Don't peek at results. Checking results daily creates bias. You see variant is up 12% after 3 days, get excited, want to declare winner. But daily variation is normal. What looks like a 12% win after 3 days might be a 2% loss after 14 days. Set a calendar reminder for when the test reaches required sample size, then check results once.
If you absolutely must check (for example, to catch implementation errors), check weekly maximum and set a strict "no decisions until completion" rule. Looking is fine, acting on what you see is not.
Don't stop tests early based on results. "Variant is losing after 5 days, let's stop the test." Unless you set pre-defined stopping rules (variant worse by >20% at 50% sample size), run the full test. Early results are noise. Only exception: technical problems (page broken, tracking failed) warrant stopping.
Don't change tests mid-run. "Variant isn't winning, let's tweak the headline slightly." Now you've invalidated the test. Results are meaningless because you don't know which version drove outcomes. If you think of an improvement mid-test, document it as the next test, don't change the current one.
Don't add post-hoc success metrics. "Conversion didn't improve but scroll depth did, so it's a success." No. You defined primary metric before testing. Stick to it. You can note secondary metrics for learning, but don't retroactively redefine success.
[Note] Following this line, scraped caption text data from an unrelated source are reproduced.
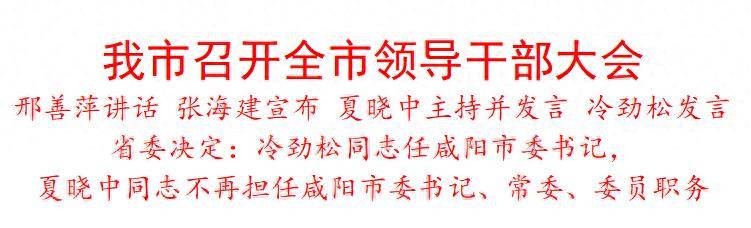 冷劲松任咸阳市委书记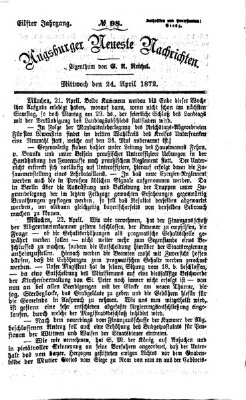 Augsburger neueste Nachrichten Mittwoch 24. April 1872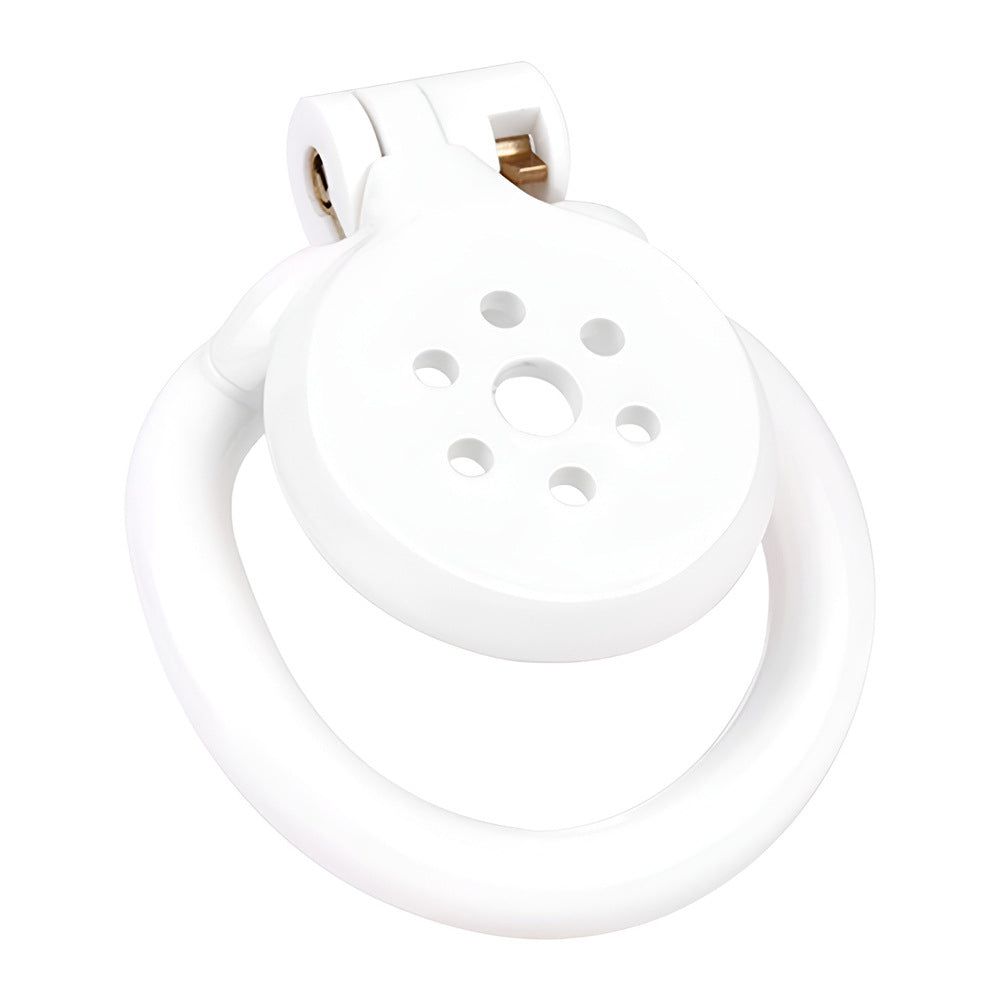 Discreet Flat Chastity Cage with Metal Catheter and Nylon Belt - White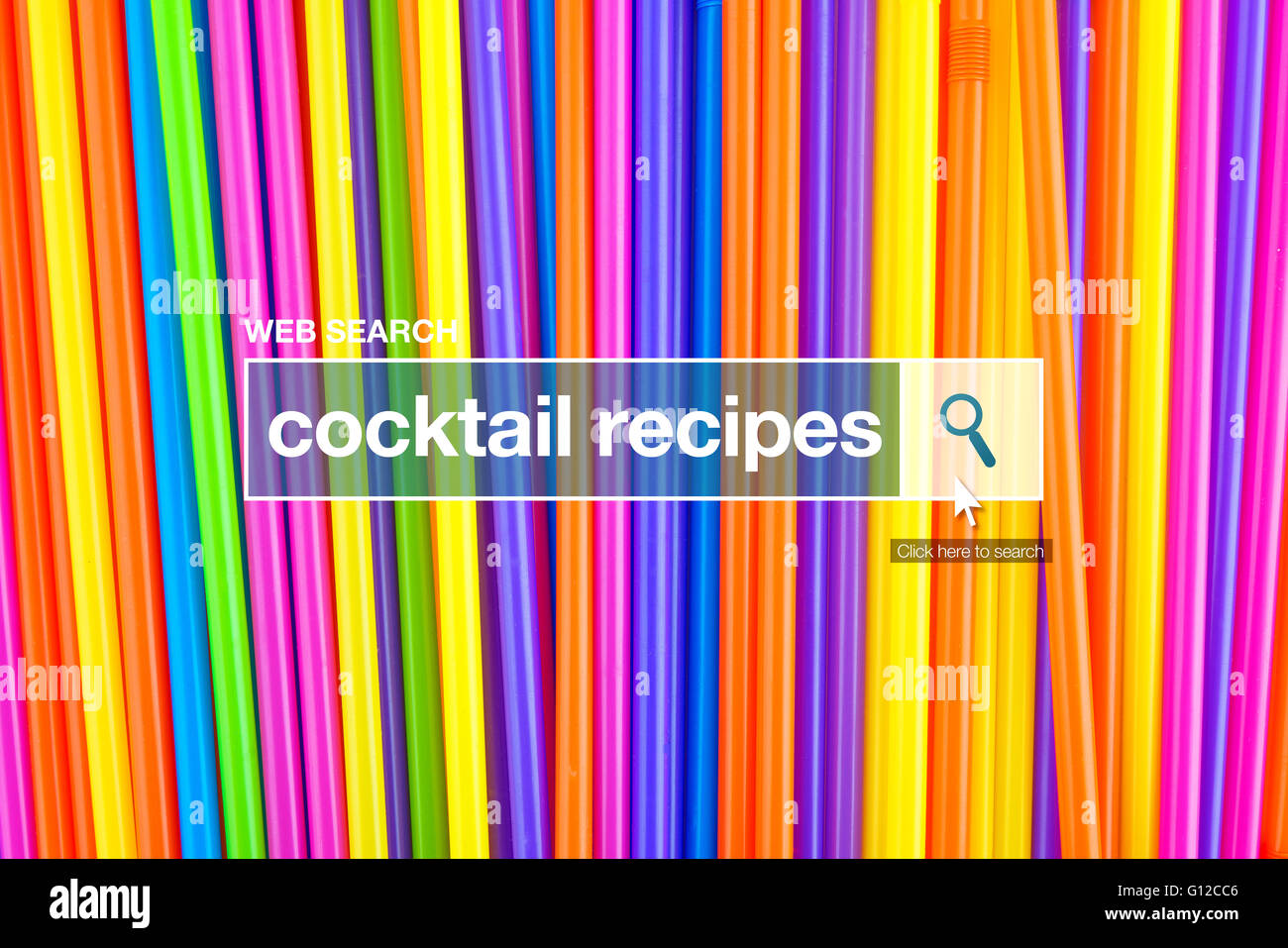 Cocktail recipes definition in internet glossary- web search bar glossary term Stock Photo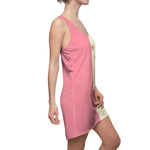 right side view of model wearing the chic and feminine dress that features a unique design that combines a beautiful floral pattern with pink accents. The right side of the dress is a lovely shade of pink, while the left side showcases a captivating floral print with pink flowers and stars on a charming beige background.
Don't ignore statistical significance. "Variant is up 8% but only 90% confidence, close enough." Either set your threshold at 90% before testing, or wait for 95%. Don't change standards based on what's convenient.
The discipline: write down your test plan (hypothesis, success criteria, sample size, duration) before starting. When you want to stop early or change something, re-read your test plan. Follow it.